**** Input for this task

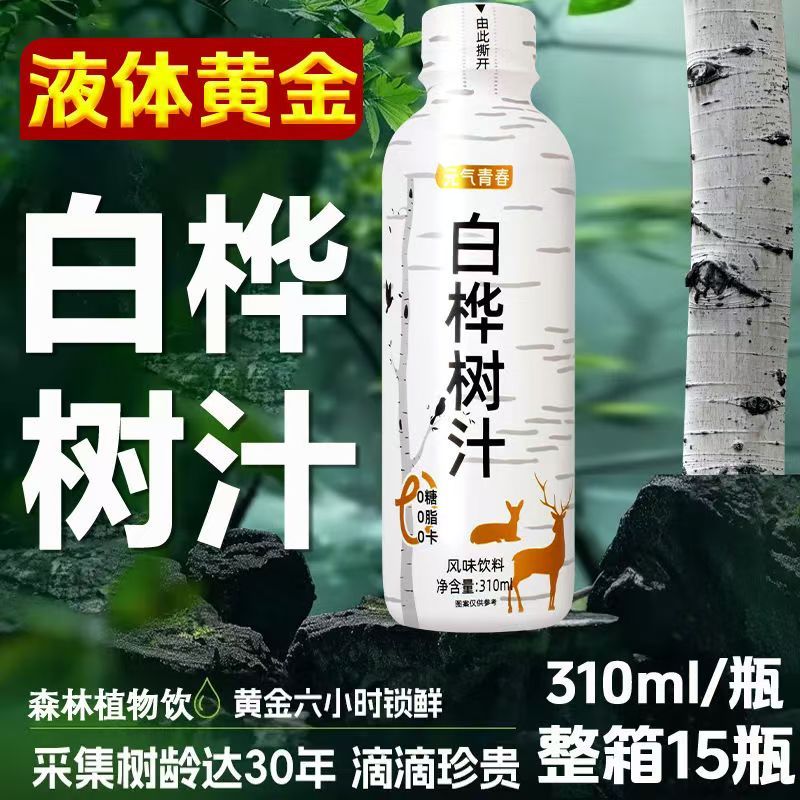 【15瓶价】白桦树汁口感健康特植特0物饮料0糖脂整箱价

********
**** Input for this task

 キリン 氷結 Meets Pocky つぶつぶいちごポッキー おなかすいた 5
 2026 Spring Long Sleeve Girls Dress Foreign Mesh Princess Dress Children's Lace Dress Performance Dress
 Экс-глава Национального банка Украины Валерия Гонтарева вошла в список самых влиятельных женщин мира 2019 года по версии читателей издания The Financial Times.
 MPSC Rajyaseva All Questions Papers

********

▸ What you will do:
From the entries above, return exactly the line containing "キリン 氷結 Meets Pocky つぶつぶいちごポッキー おなかすいた 5", the line containing "MPSC Rajyaseva All Questions Papers", and all lines between, and nothing else.

▸ Solution to this problem:
 キリン 氷結 Meets Pocky つぶつぶいちごポッキー おなかすいた 5
 2026 Spring Long Sleeve Girls Dress Foreign Mesh Princess Dress Children's Lace Dress Performance Dress
 Экс-глава Национального банка Украины Валерия Гонтарева вошла в список самых влиятельных женщин мира 2019 года по версии читателей издания The Financial Times.
 MPSC Rajyaseva All Questions Papers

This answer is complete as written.